Brazilian beef processors have lost an estimated 40,000 tons of potential exports worth US$ 170 million since the strike began, trade group ABIEC said. Brazil is the world's top beef exporter. In 2017, exports totaled 1.53 million tons.
Terminal operators at Latin America's largest port Santos said over the weekend that the arrival of trucks arriving or leaving the port was normalizing. Goods transported on rail have been unaffected by the dispute, but rail shipments account for only a small part of Santos' total volume.
Analysts and industry groups said many mills in the main sugar cane belt managed to get diesel supplies on Tuesday and Wednesday for machines to resume cane harvesting after some days without any field work. At the height of the protest, hundreds of sugar mills in Brazil's center-south region, the world's largest sugar cane belt, were shut. Once harvesting resumes, plants can restart production of sugar and ethanol.

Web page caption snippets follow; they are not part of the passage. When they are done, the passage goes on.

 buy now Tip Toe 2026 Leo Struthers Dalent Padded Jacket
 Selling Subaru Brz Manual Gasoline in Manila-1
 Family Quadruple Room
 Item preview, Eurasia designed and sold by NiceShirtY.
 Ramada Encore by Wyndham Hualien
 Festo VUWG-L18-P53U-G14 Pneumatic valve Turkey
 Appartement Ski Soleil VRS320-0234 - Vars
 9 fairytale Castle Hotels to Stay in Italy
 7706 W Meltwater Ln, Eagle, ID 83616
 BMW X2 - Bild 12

Brazil is the world's largest sugar exporter and foreign shipments in 2017-18 totaled 22.5 million tons.
Soybean exporters mulled declaring force majeure on shipments, a contractual clause that releases them from obligations because of events beyond their control, according to
Anec, a trade group representing grains exporters such Archer Daniels Midland Co, Louis Dreyfus Company and Cofco International
Ships were anchored off Santos waiting for grain to arrive at the port so they could load it for export. The demurrage costs for delayed shipping would be very large, Agriculture Minister Blairo Maggi said. ADM spokeswoman Jackie Anderson said that though the recent disruption is still impacting the arrival of raw material to our local processing facilities and ports, and our ability to ship soybeans and finished products to our domestic and export customers, we expect to return to normal operations as the situation continues to progress.

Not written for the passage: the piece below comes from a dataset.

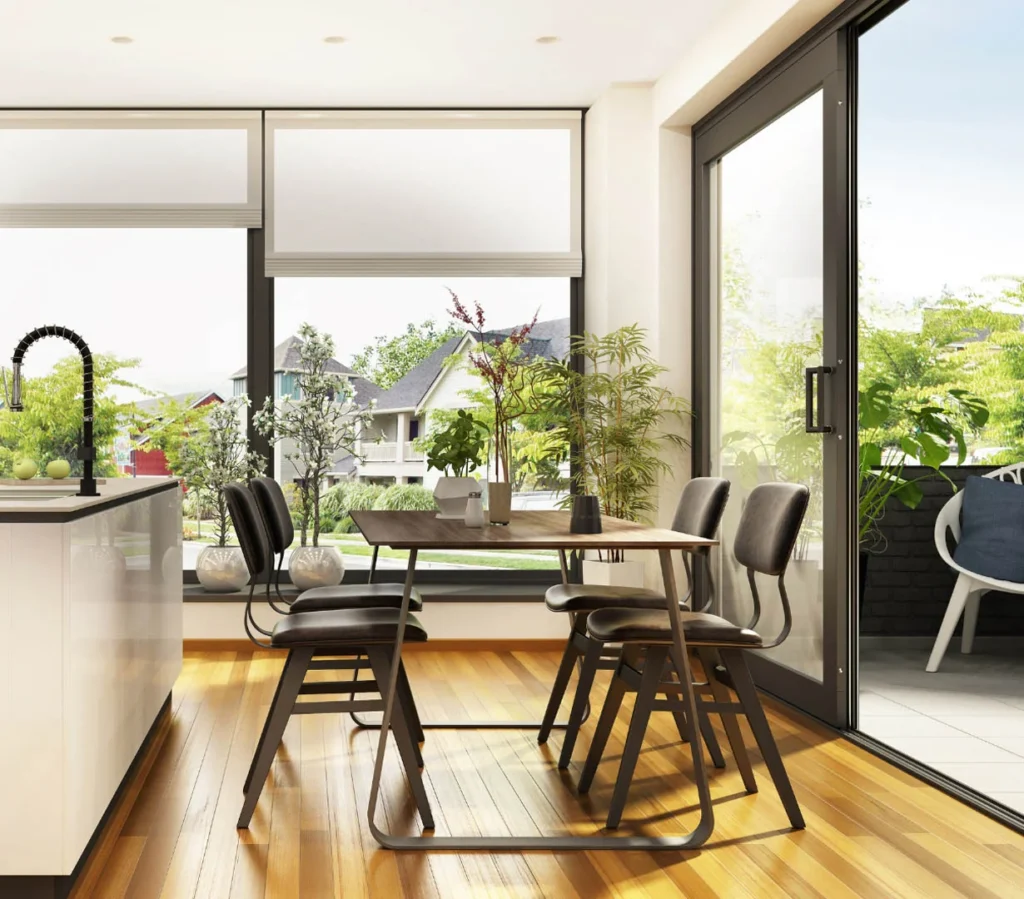 Coupe technique evolutionDrive SF 76 mm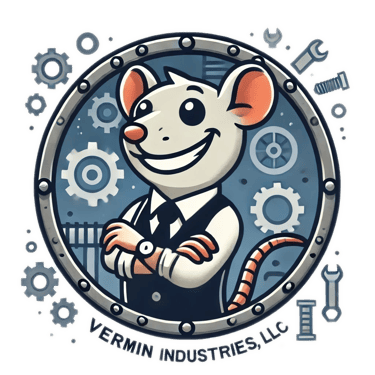 Vermin Industries, LLC logo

The U.S. Department of Agriculture has forecast that Brazil will export around 72 million tons of soybeans this year. All 63 soy crushing units that ground to a halt in Brazil due to a lack of supplies were back in operation, industry group Abiove said. The group speaks on behalf of members such as top global grains merchants Bunge Inc and Cargill, who have plants in Brazil. Some could resume activities in the next few hours if road blockades are lifted and trucks can deliver beans.

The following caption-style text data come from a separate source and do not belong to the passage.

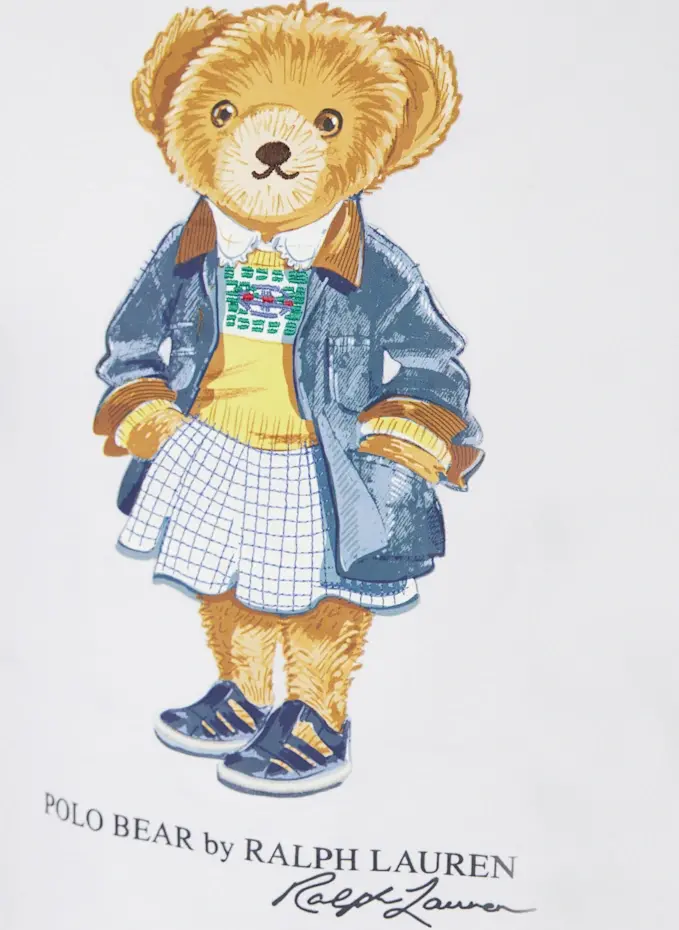 POLO RALPH LAUREN POLO RALPH LAUREN T-ShirtKIDS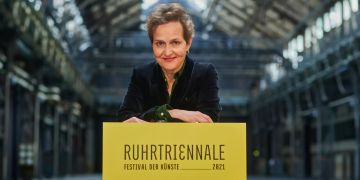Programm-Pk zur Ruhr-Triennale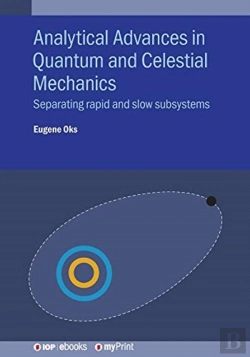 Bertrand.pt - Analytical Advances In Quantum And Celestial Mechanics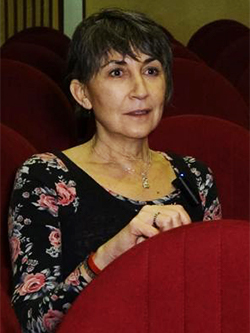 1958 Actriță Simona Măicănescu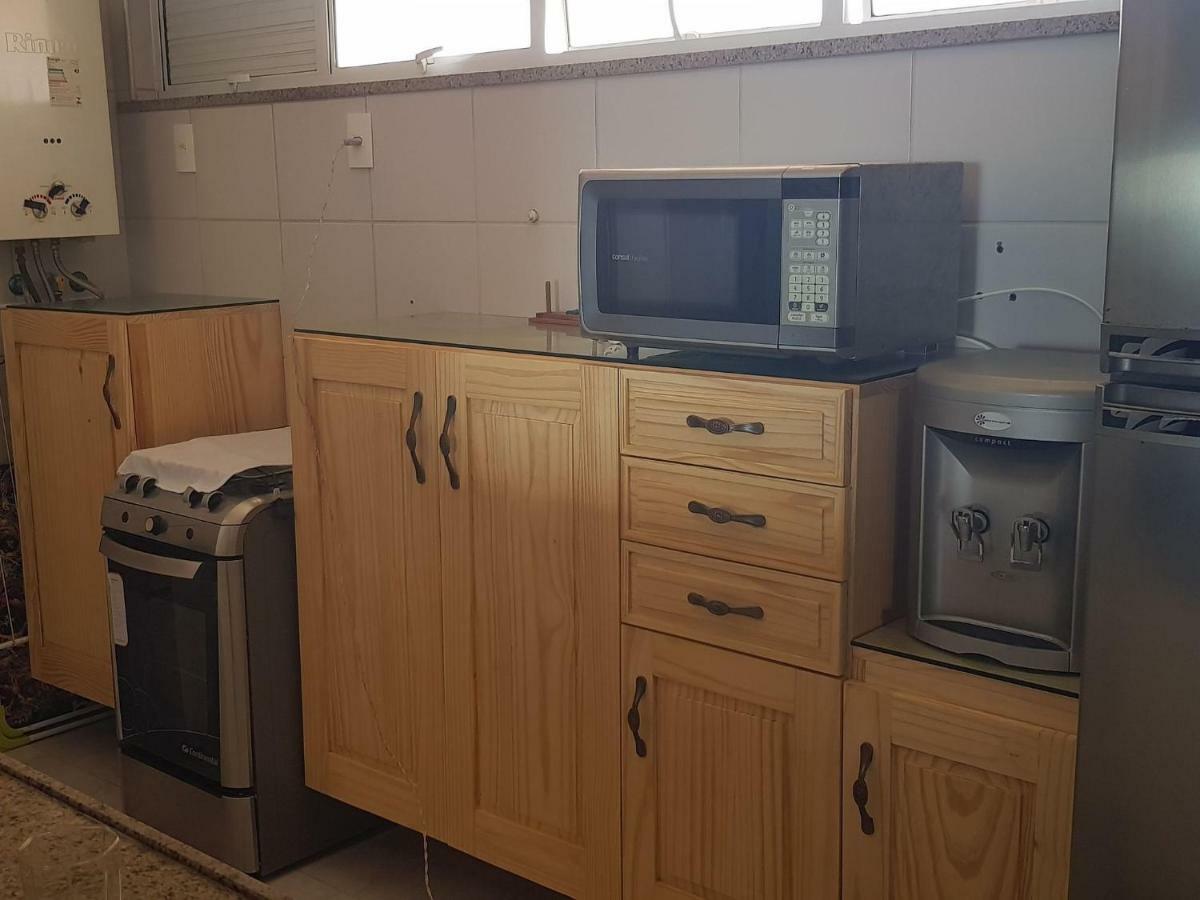 Scopa Beach - Apartamento No Porto Das Dunas - Vizinho Ao Beach Park Aquiraz Ngoại thất bức ảnh
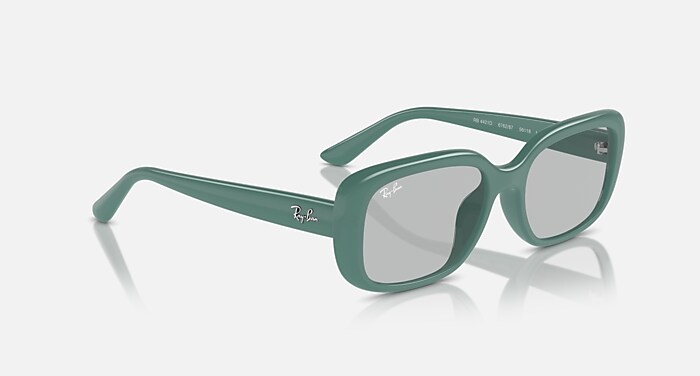レイバン公式ストア】 Ray-Ban® RB4421D BIO-BASED サングラス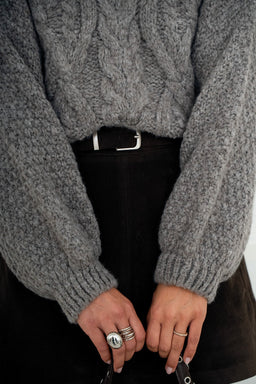 PULL COLINS - PULL & MAILLE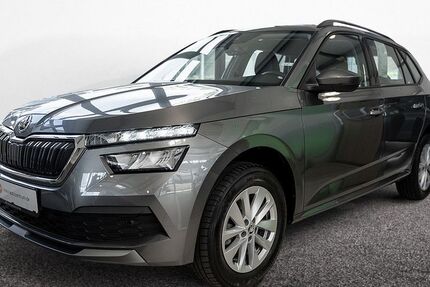 Skoda Kamiq 38.673 km 18.760 &euro; Celle 29227
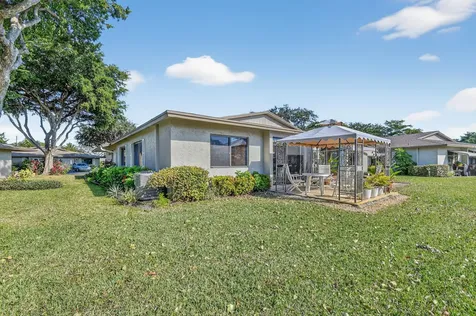 1544 Palmland Drive Boynton Beach FL 33436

Exports from the world's largest coffee producer in May are likely to total 900,000 60-kg bags fewer than expected due to the protests that hampered transport to ports, according to exporters' association Cecafe. The group said that the protests had caused financial losses estimated at 560 million reais (US$ 150 million) in lost export sales and port costs. Brazil is the world's top coffee exporter. Shipments of green coffee totaled 27.3 million 60-kg bags in 2017.
Losses to Brazilian farmers so far during the truckers' work stoppage are estimated at 6.6 billion reais (US$ 1.77 billion), said Brazil's CNA farm lobby. It could take farmers six months to a year to recover from the impact of the protests.